## Exercise goal
Take nothing but the lines from the one with "Policjanci odzyskali kilka" through the one with "Used 2024 Chevrolet Malibu LT FWD image 3" in the entries below, both ends kept, and return them exactly with pictures left out.
══ Records supplied
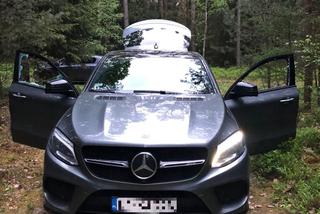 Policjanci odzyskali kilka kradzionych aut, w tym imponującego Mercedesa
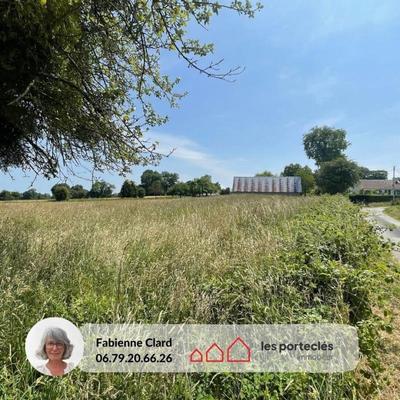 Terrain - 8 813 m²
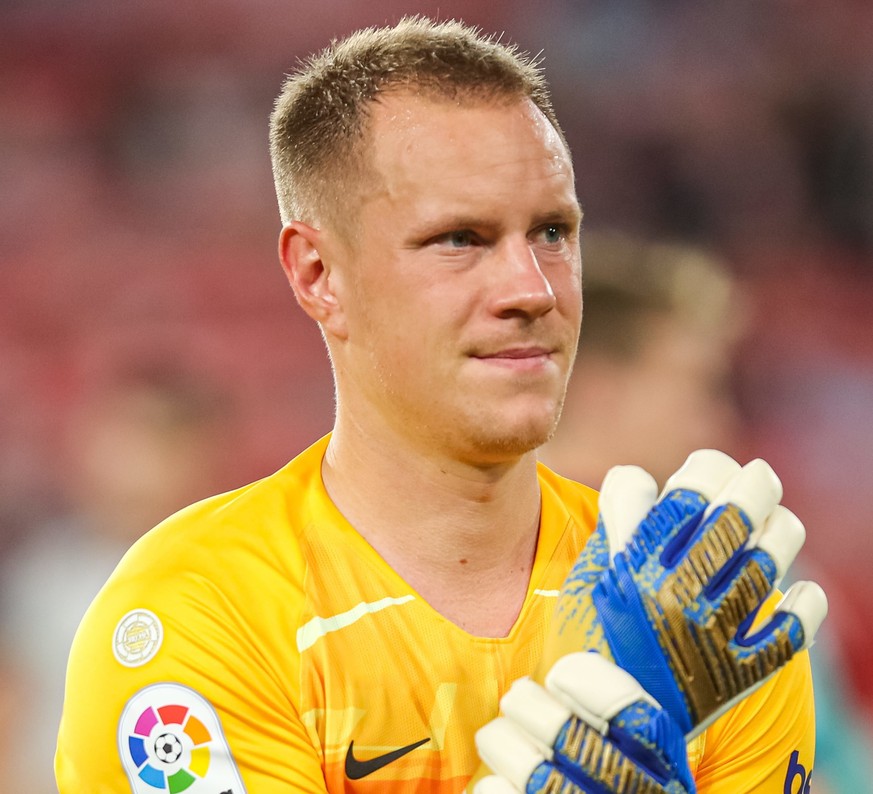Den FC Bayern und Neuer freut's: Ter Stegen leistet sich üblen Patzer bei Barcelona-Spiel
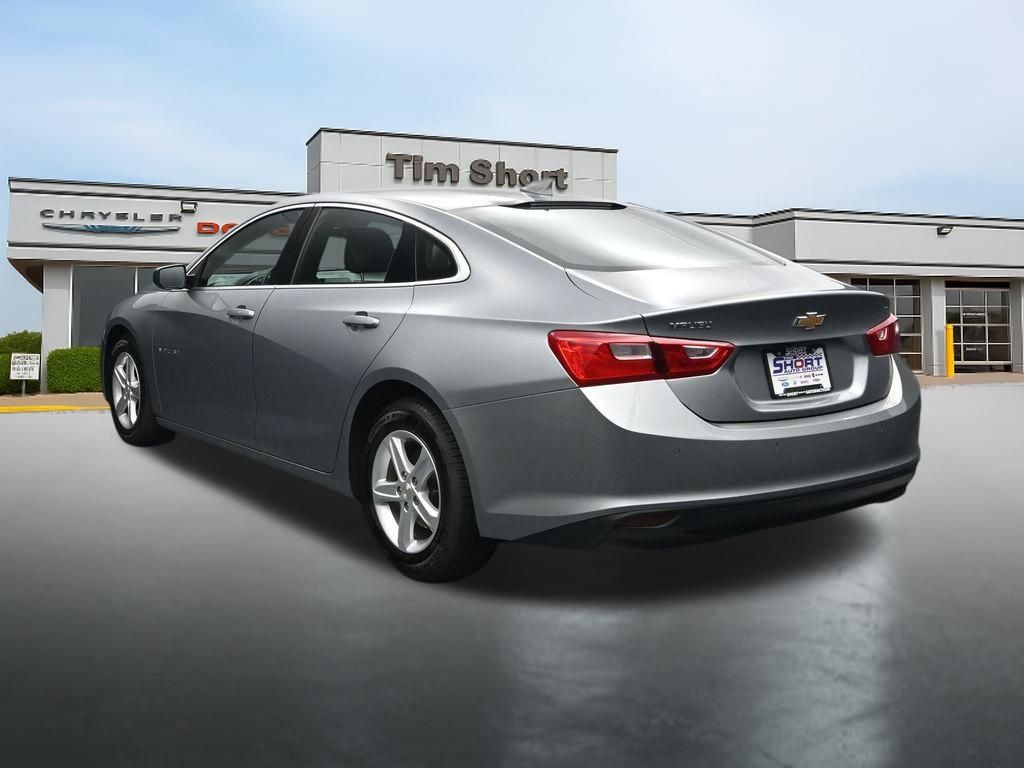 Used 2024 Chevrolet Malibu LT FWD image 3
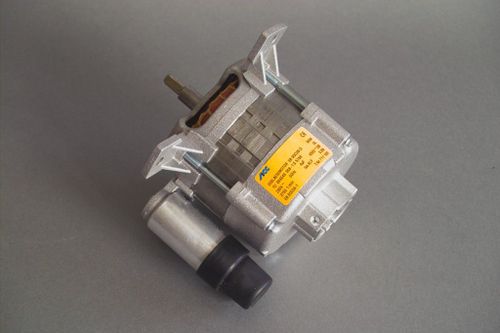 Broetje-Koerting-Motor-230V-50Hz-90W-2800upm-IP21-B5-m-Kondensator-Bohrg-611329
════
══ Records supplied
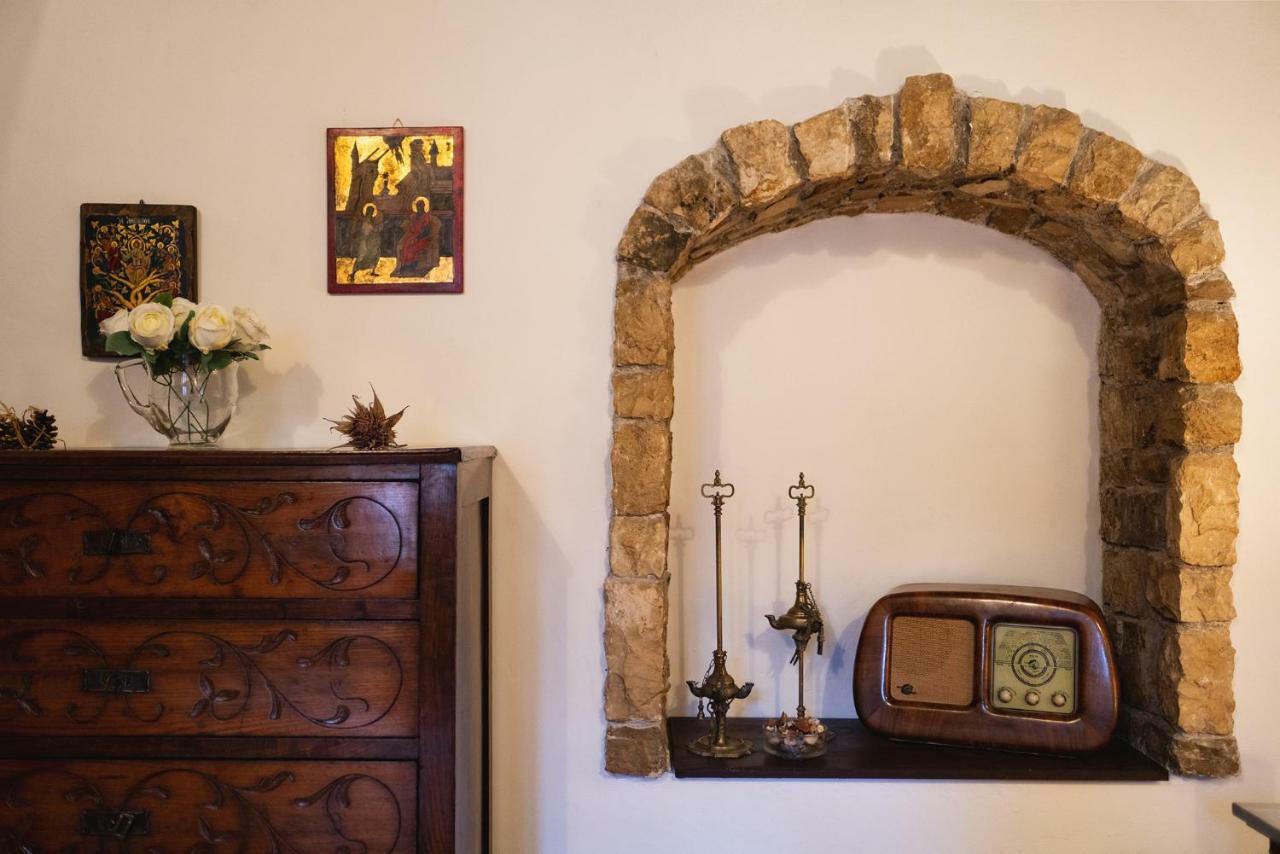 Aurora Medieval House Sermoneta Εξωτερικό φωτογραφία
════
## Expected output
 Policjanci odzyskali kilka kradzionych aut, w tym imponującego Mercedesa
 Terrain - 8 813 m²
Den FC Bayern und Neuer freut's: Ter Stegen leistet sich üblen Patzer bei Barcelona-Spiel
 Used 2024 Chevrolet Malibu LT FWD image 3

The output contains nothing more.